[Data excerpts]
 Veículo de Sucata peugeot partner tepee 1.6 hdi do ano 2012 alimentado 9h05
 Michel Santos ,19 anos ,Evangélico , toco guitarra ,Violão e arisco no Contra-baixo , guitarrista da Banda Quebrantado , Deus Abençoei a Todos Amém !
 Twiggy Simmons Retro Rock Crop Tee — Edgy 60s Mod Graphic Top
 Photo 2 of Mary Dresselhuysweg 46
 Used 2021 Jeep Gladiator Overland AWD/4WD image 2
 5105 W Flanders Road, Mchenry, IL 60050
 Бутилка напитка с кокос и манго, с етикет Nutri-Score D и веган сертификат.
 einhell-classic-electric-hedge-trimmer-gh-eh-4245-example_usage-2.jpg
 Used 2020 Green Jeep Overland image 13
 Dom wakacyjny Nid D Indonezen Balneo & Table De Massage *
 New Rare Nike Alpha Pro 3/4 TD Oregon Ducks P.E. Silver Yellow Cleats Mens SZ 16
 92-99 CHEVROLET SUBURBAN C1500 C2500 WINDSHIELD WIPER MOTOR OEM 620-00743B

# [Prompt]
All lines above that hold the string "Jeep" should be copied.

# [Output for this exercise]
 Used 2021 Jeep Gladiator Overland AWD/4WD image 2
 Used 2020 Green Jeep Overland image 13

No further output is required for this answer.